About this exercise:
Only the pictures stay out; please return all the entries below exactly as written.

Entries taken from a collection:
------------------------------------------------------------
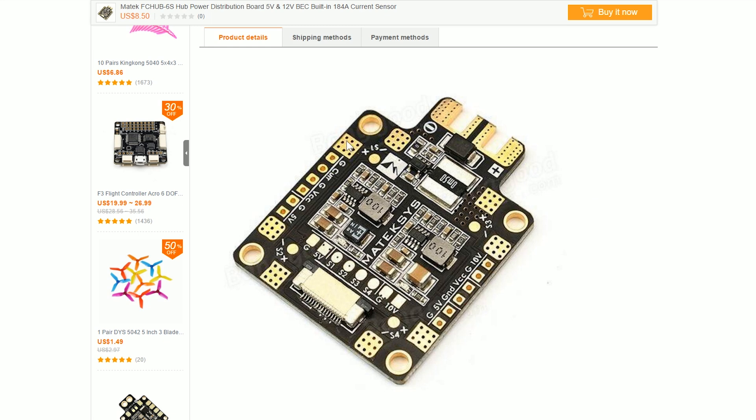Looking at the layout, the motor pads are in the corners, which is where most people like to see them — it keeps your wiring neat and tidy. It does not have a separate ground pad for signal ground, but when the pads are this close together, it doesn't really matter. You can just solder your signal ground right here to motor ground; there's not really going to be any difference.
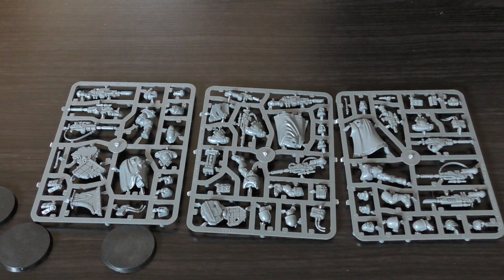What do you guys think of this box set and these sprues? Is it worth £30 for three? I'm looking forward to the Infiltrators and the transport — they're yet to be released. Thank you ever so much for joining me today. The Emperor protects!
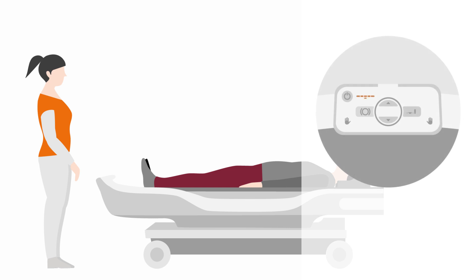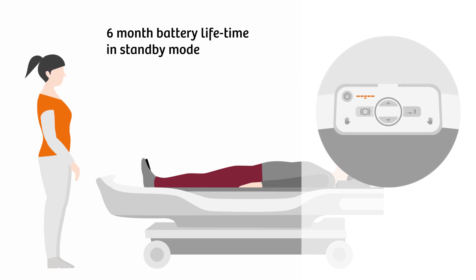The table's battery lasts up to six months in standby mode and is charged automatically when the table is docked to the scanner.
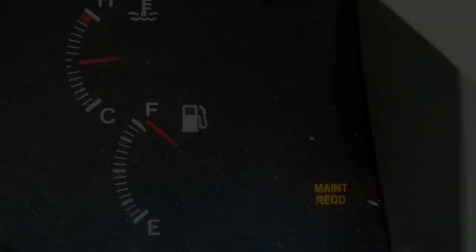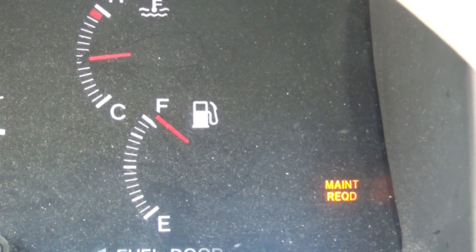Hello again, and welcome back to Charlie's House Call Auto Repair. Today we're going to be doing another oil change. Nothing special.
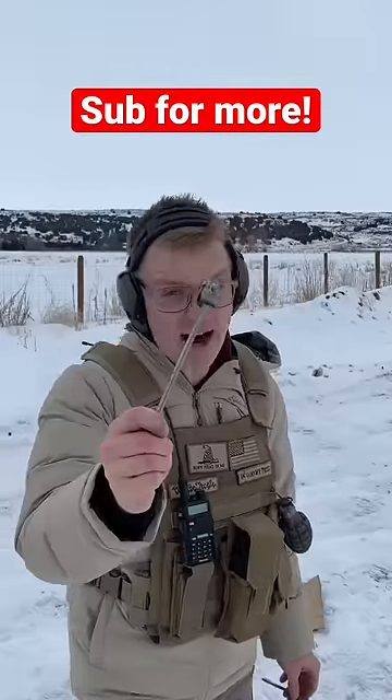So can you shoot a screwdriver out of a shotgun? The answer is no. Subscribe for more.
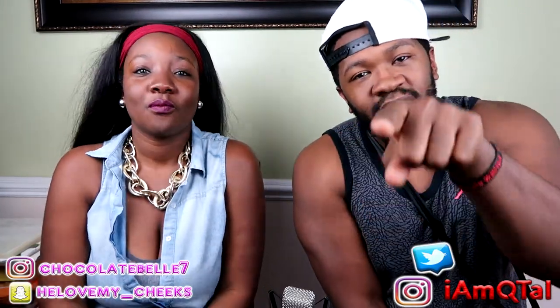What up, it is Q and T and we would like to welcome you to our channel. If you are new to our channel, make sure you hit that subscribe button right now. Today we're watching a video from Facts Verse called 'Things You Did Not Know the Use Of.' This is gonna be interesting — it's gonna have a whole bunch of aha moments probably.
------------------------------------------------------------
Answer:
Looking at the layout, the motor pads are in the corners, which is where most people like to see them — it keeps your wiring neat and tidy. It does not have a separate ground pad for signal ground, but when the pads are this close together, it doesn't really matter. You can just solder your signal ground right here to motor ground; there's not really going to be any difference.
What do you guys think of this box set and these sprues? Is it worth £30 for three? I'm looking forward to the Infiltrators and the transport — they're yet to be released. Thank you ever so much for joining me today. The Emperor protects!
The table's battery lasts up to six months in standby mode and is charged automatically when the table is docked to the scanner.
Hello again, and welcome back to Charlie's House Call Auto Repair. Today we're going to be doing another oil change. Nothing special.
So can you shoot a screwdriver out of a shotgun? The answer is no. Subscribe for more.
What up, it is Q and T and we would like to welcome you to our channel. If you are new to our channel, make sure you hit that subscribe button right now. Today we're watching a video from Facts Verse called 'Things You Did Not Know the Use Of.' This is gonna be interesting — it's gonna have a whole bunch of aha moments probably.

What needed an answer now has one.